**** DATASET EXCERPT ****

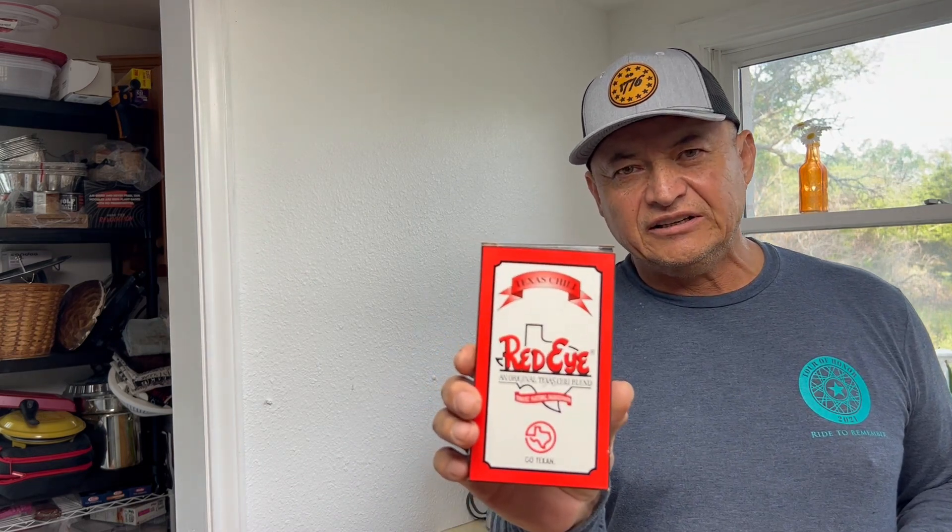Hey, greetings from Texas. Today we're going to do a chili review of Red Eye Chili Kid. I normally make my chili from scratch and don't use these mixes, but this intrigued me because I found it at our local grocery store, and this product is made just down the road here in Florence, Texas.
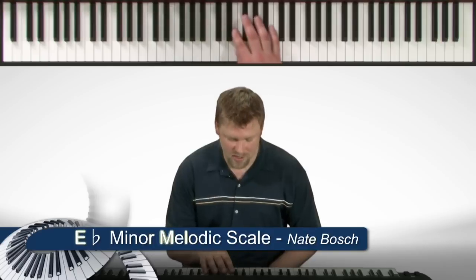Let's name the notes starting with E-flat. E-flat, F, G-flat, A-flat, B-flat, C, D, E-flat. On the way back down we have D-flat,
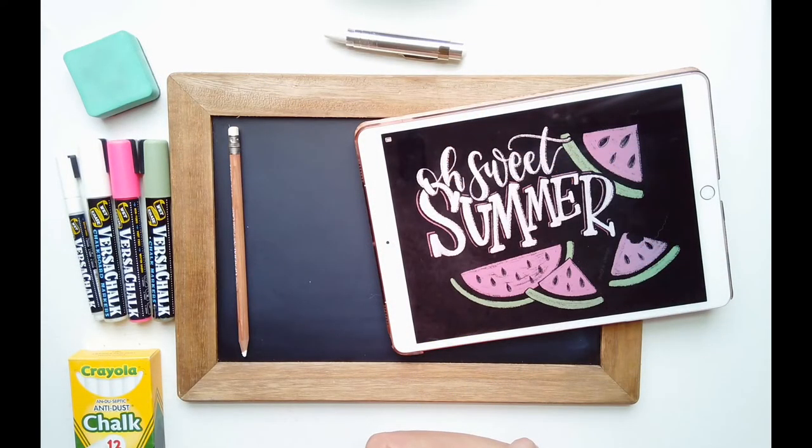Hi chalk and lettering friends, welcome to another month and another fun design. We're going to do this cute design — Oh Sweet Summer. We're just finishing up homeschooling here in Utah and we are very excited to officially start our summer break, even though it kind of feels like that already started besides the homeschooling.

****

WHAT YOU ARE ASKED TO DO
In your copy of the data above, leave out the pictures and repeat everything else exactly.

TASK OUTPUT
Hey, greetings from Texas. Today we're going to do a chili review of Red Eye Chili Kid. I normally make my chili from scratch and don't use these mixes, but this intrigued me because I found it at our local grocery store, and this product is made just down the road here in Florence, Texas.
Let's name the notes starting with E-flat. E-flat, F, G-flat, A-flat, B-flat, C, D, E-flat. On the way back down we have D-flat,
Hi chalk and lettering friends, welcome to another month and another fun design. We're going to do this cute design — Oh Sweet Summer. We're just finishing up homeschooling here in Utah and we are very excited to officially start our summer break, even though it kind of feels like that already started besides the homeschooling.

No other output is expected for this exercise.